(Records contained in a dataset)
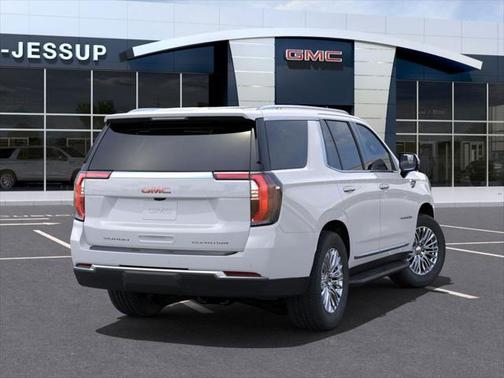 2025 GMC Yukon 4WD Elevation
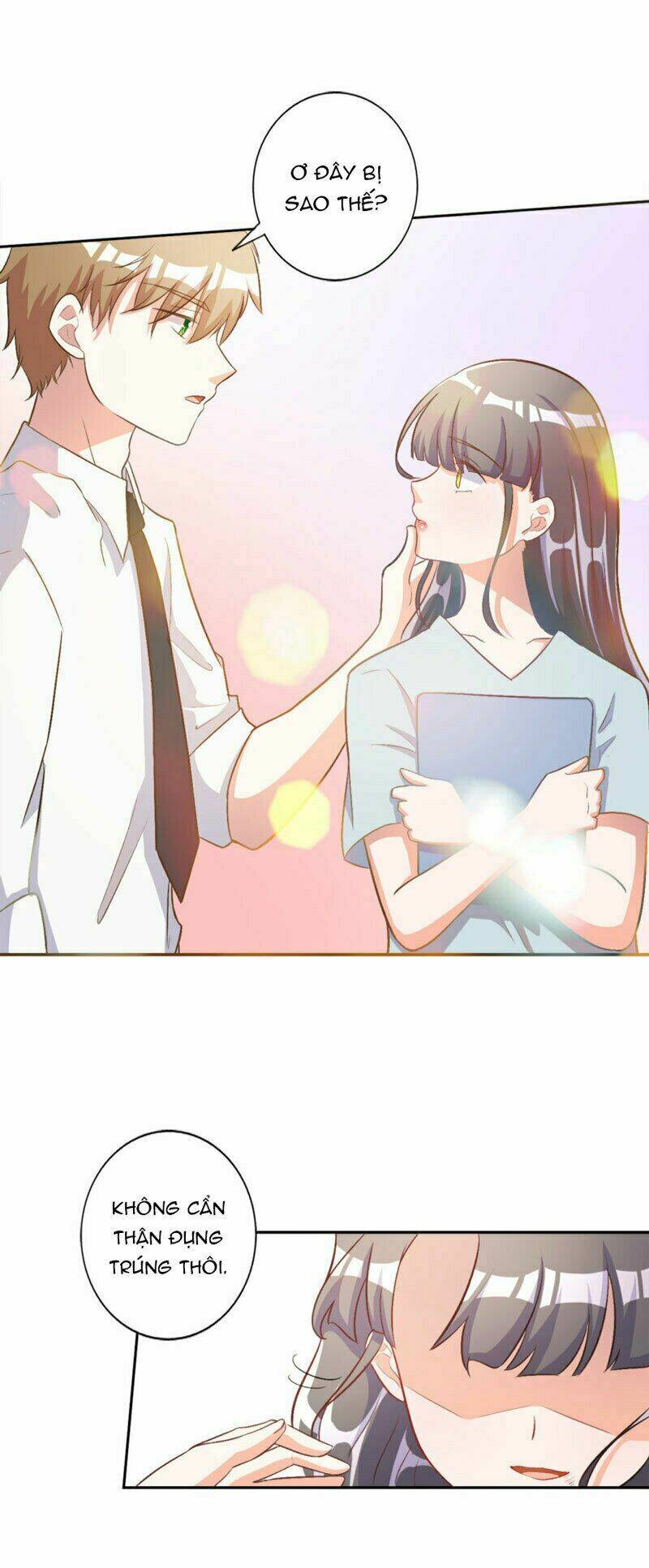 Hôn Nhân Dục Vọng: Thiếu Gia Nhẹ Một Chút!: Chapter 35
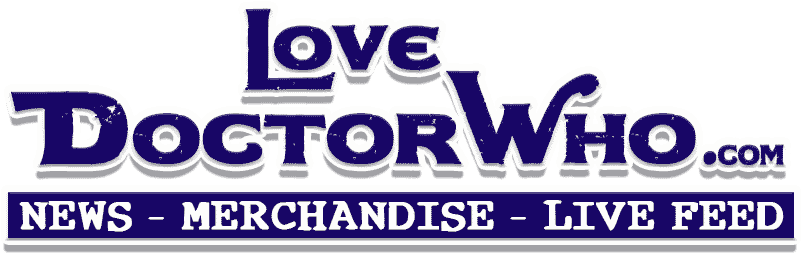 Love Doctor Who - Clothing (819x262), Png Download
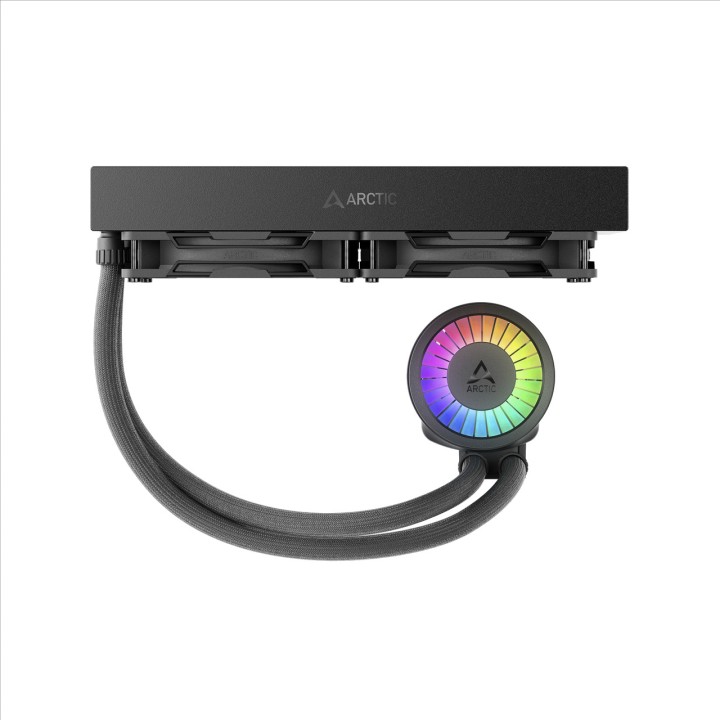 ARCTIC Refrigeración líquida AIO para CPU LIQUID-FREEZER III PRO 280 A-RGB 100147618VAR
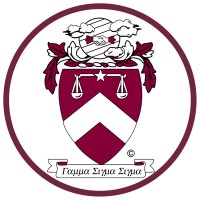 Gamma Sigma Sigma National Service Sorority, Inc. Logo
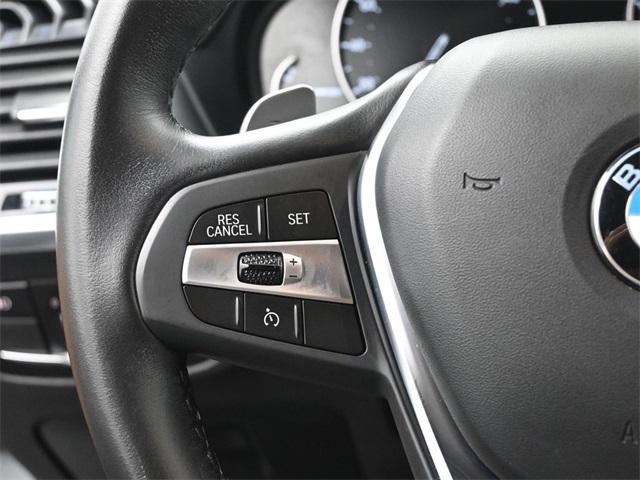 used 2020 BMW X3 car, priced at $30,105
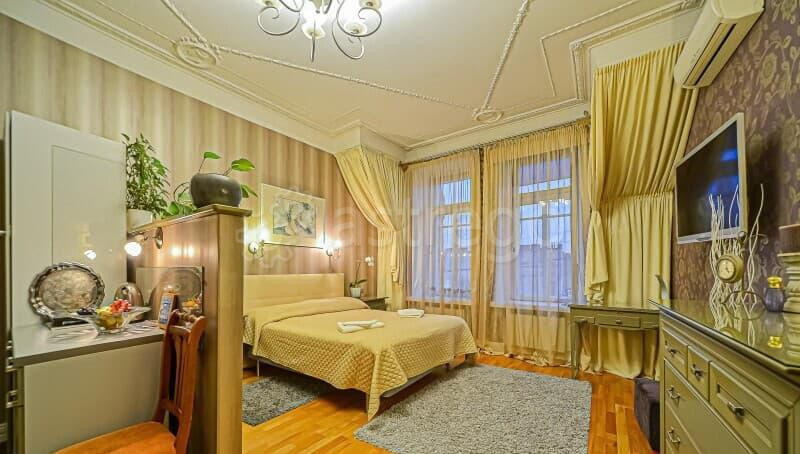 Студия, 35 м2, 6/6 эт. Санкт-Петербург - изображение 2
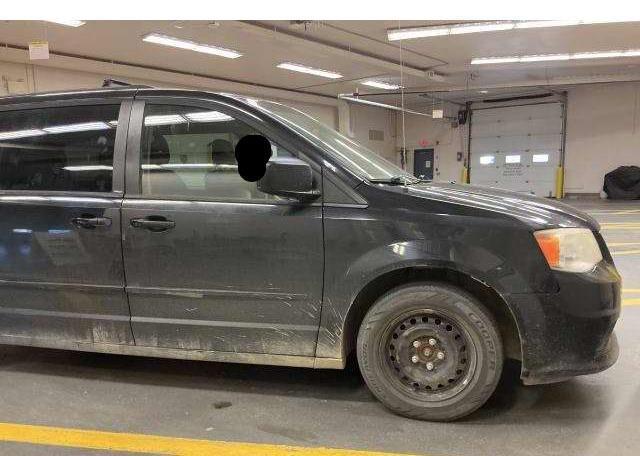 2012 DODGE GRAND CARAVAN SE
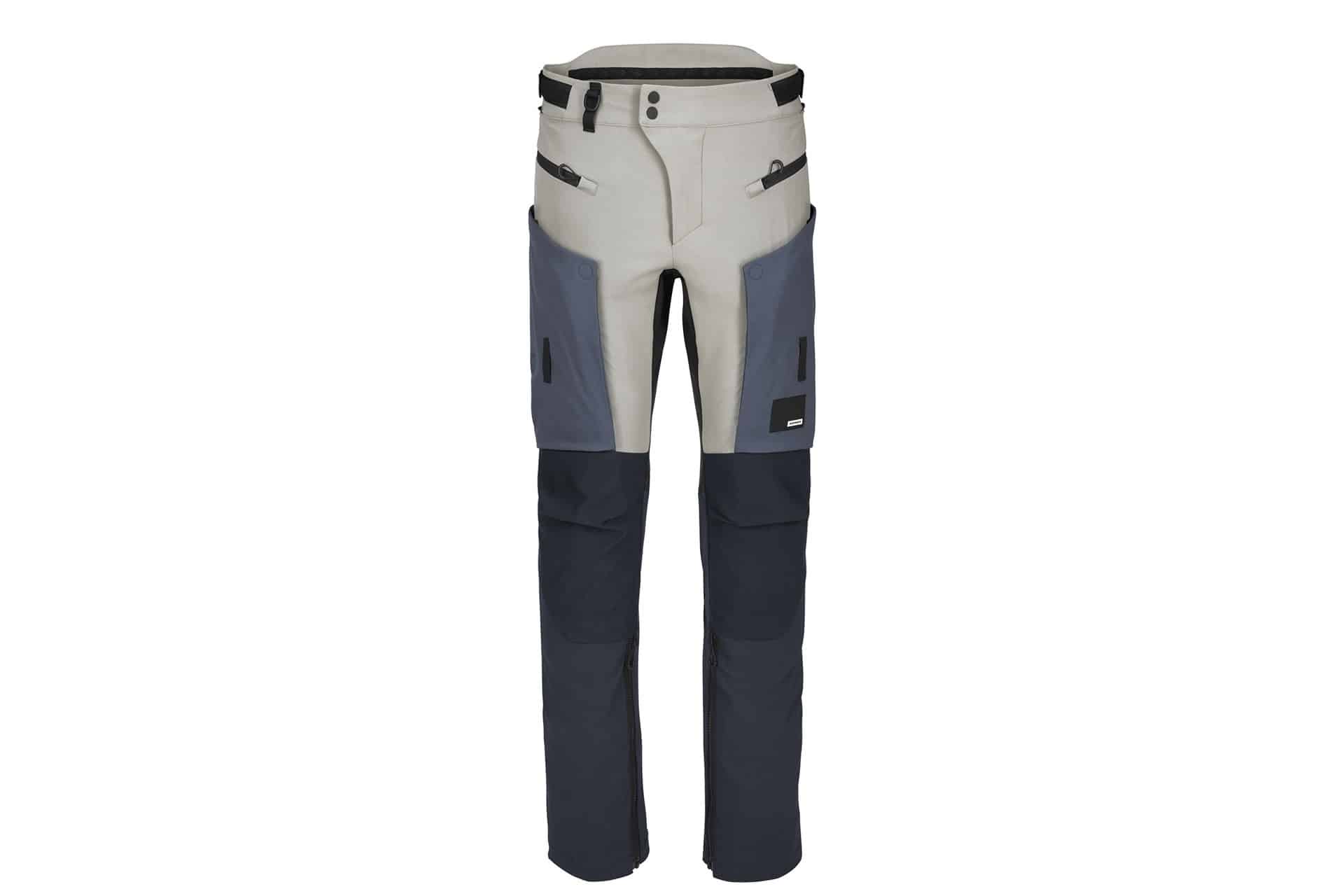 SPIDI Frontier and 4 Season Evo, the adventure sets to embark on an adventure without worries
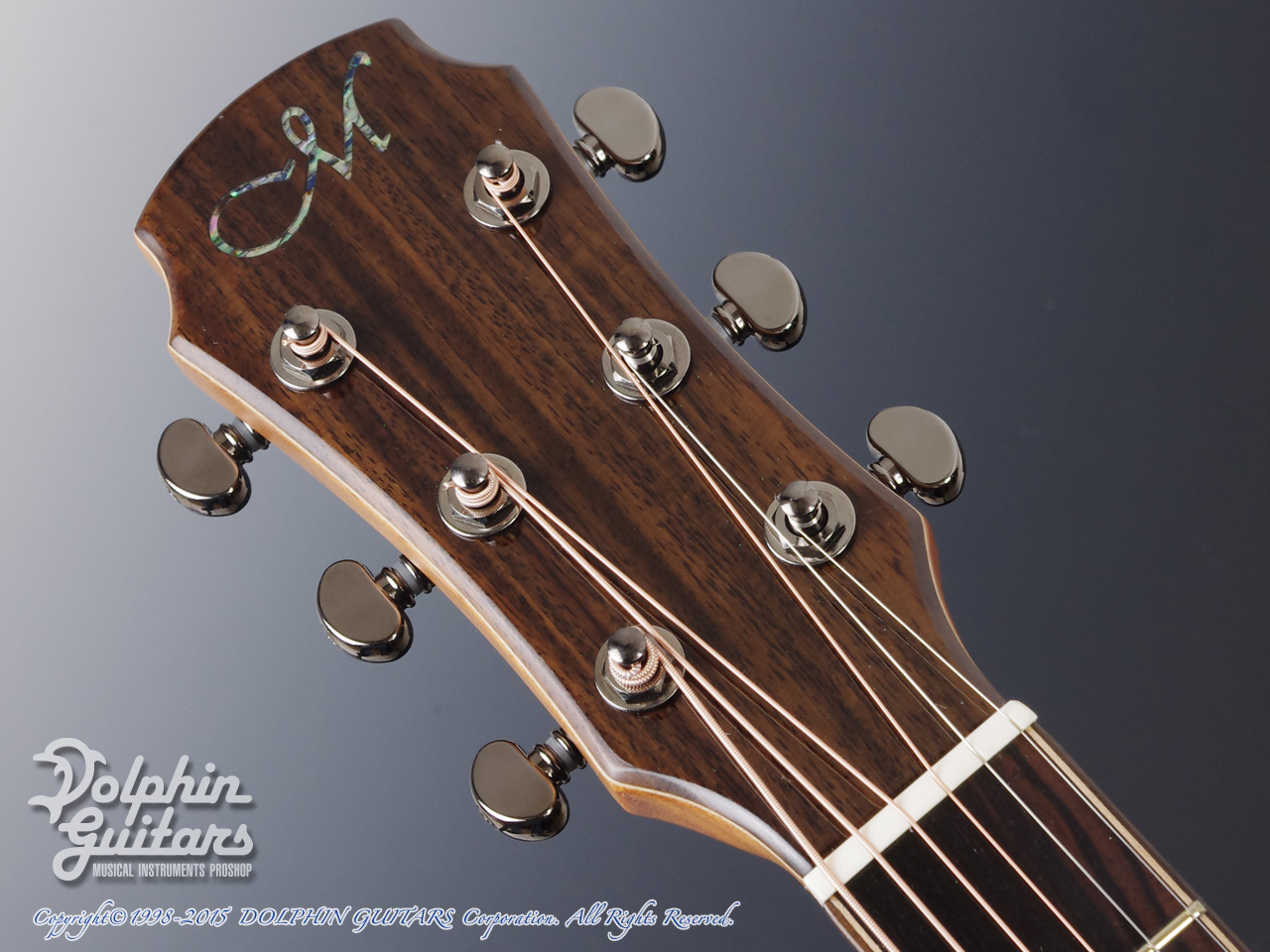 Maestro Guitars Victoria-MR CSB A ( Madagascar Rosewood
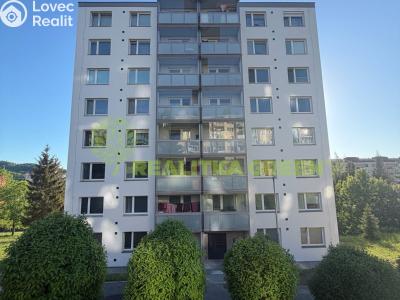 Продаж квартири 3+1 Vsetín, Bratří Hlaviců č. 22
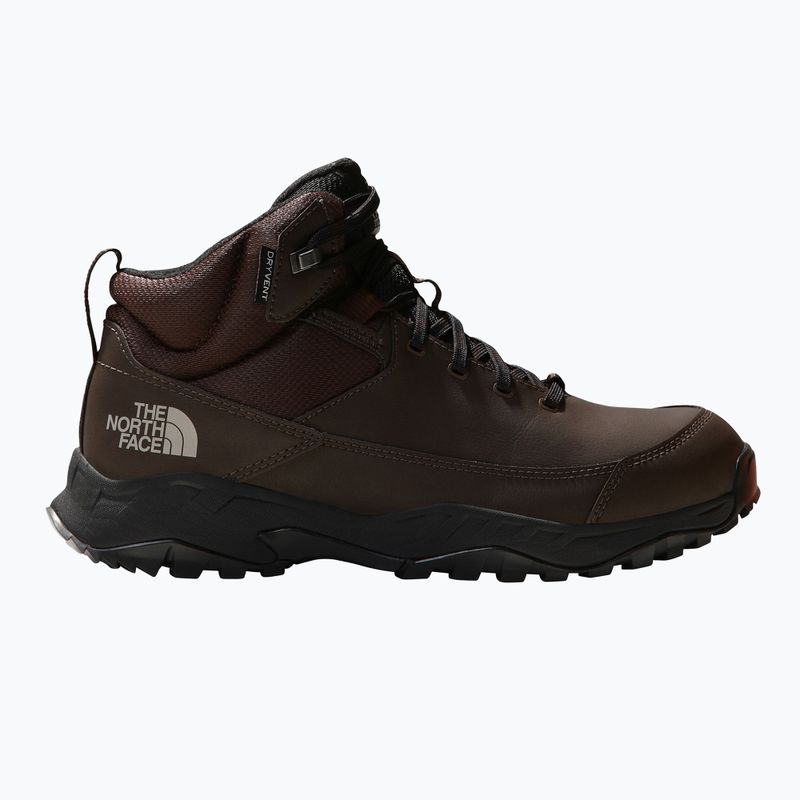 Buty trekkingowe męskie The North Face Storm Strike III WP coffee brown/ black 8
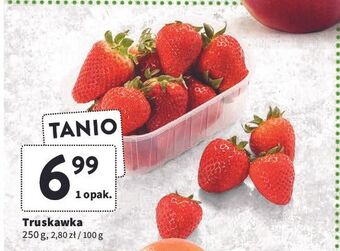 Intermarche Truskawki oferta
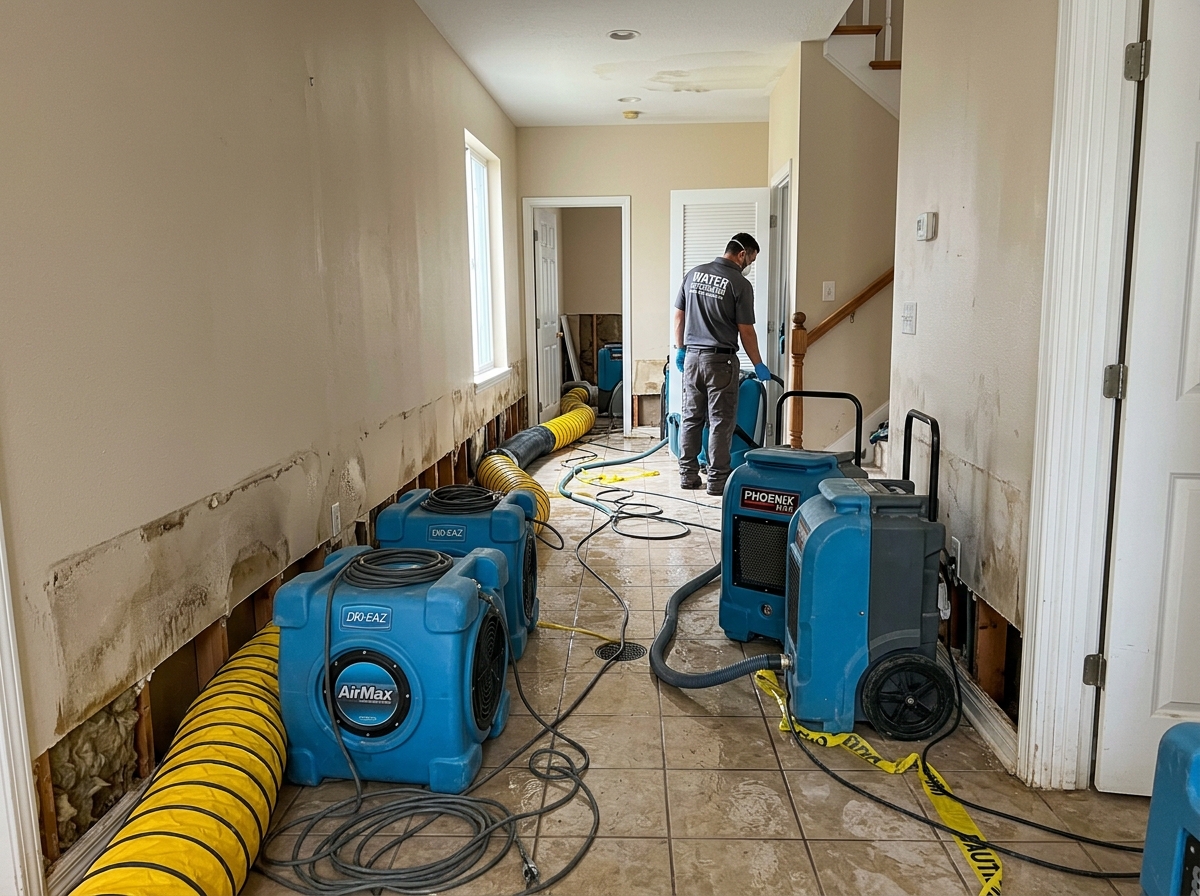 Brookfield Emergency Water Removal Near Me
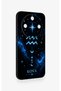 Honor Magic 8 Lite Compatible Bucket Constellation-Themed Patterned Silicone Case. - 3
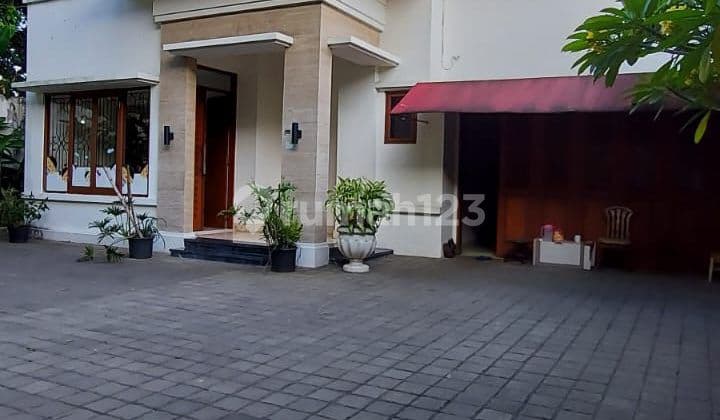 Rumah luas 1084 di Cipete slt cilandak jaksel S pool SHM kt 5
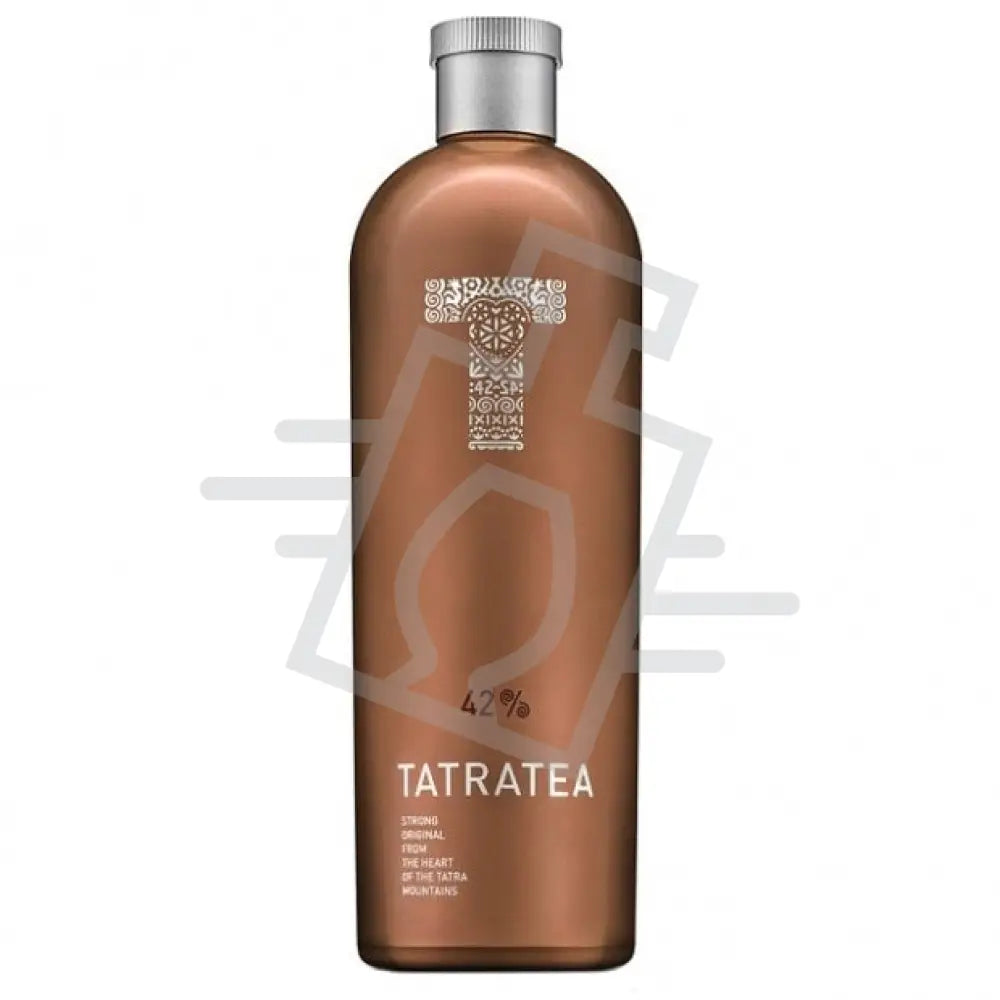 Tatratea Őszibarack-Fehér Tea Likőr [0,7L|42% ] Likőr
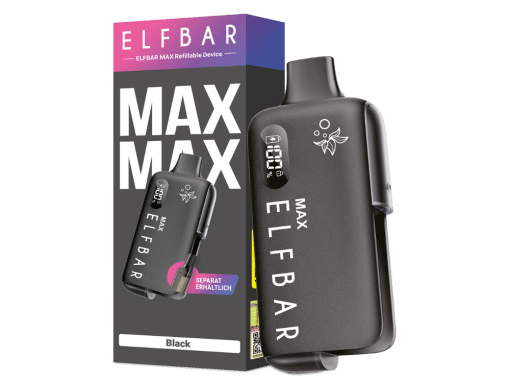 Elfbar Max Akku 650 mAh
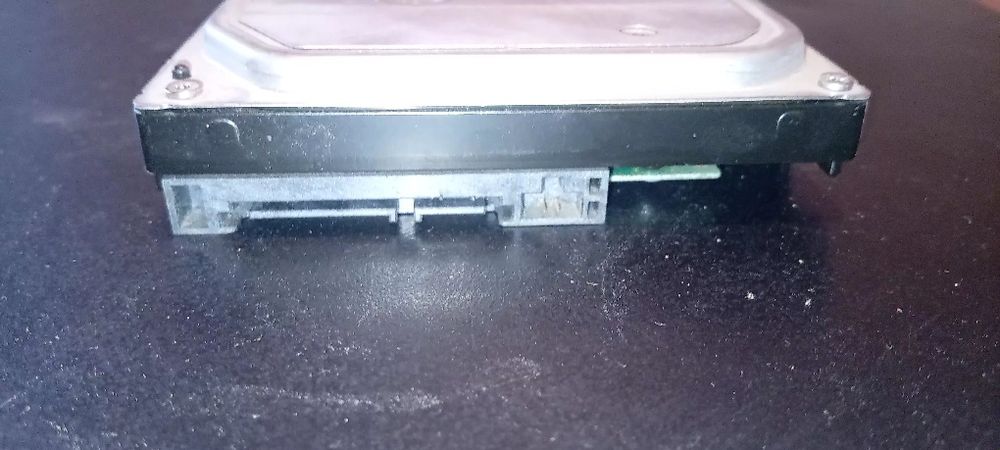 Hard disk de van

**What the task asks**.
Could you restate all of the data above word for word and skip every picture?

**Worked solution**.
 2025 GMC Yukon 4WD Elevation
 Hôn Nhân Dục Vọng: Thiếu Gia Nhẹ Một Chút!: Chapter 35
 Love Doctor Who - Clothing (819x262), Png Download
 ARCTIC Refrigeración líquida AIO para CPU LIQUID-FREEZER III PRO 280 A-RGB 100147618VAR
 Gamma Sigma Sigma National Service Sorority, Inc. Logo
 used 2020 BMW X3 car, priced at $30,105
 Студия, 35 м2, 6/6 эт. Санкт-Петербург - изображение 2
 2012 DODGE GRAND CARAVAN SE
 SPIDI Frontier and 4 Season Evo, the adventure sets to embark on an adventure without worries
 Maestro Guitars Victoria-MR CSB A ( Madagascar Rosewood
 Продаж квартири 3+1 Vsetín, Bratří Hlaviců č. 22
 Buty trekkingowe męskie The North Face Storm Strike III WP coffee brown/ black 8
 Intermarche Truskawki oferta
 Brookfield Emergency Water Removal Near Me
 Honor Magic 8 Lite Compatible Bucket Constellation-Themed Patterned Silicone Case. - 3
 Rumah luas 1084 di Cipete slt cilandak jaksel S pool SHM kt 5
 Tatratea Őszibarack-Fehér Tea Likőr [0,7L|42% ] Likőr
 Elfbar Max Akku 650 mAh
 Hard disk de van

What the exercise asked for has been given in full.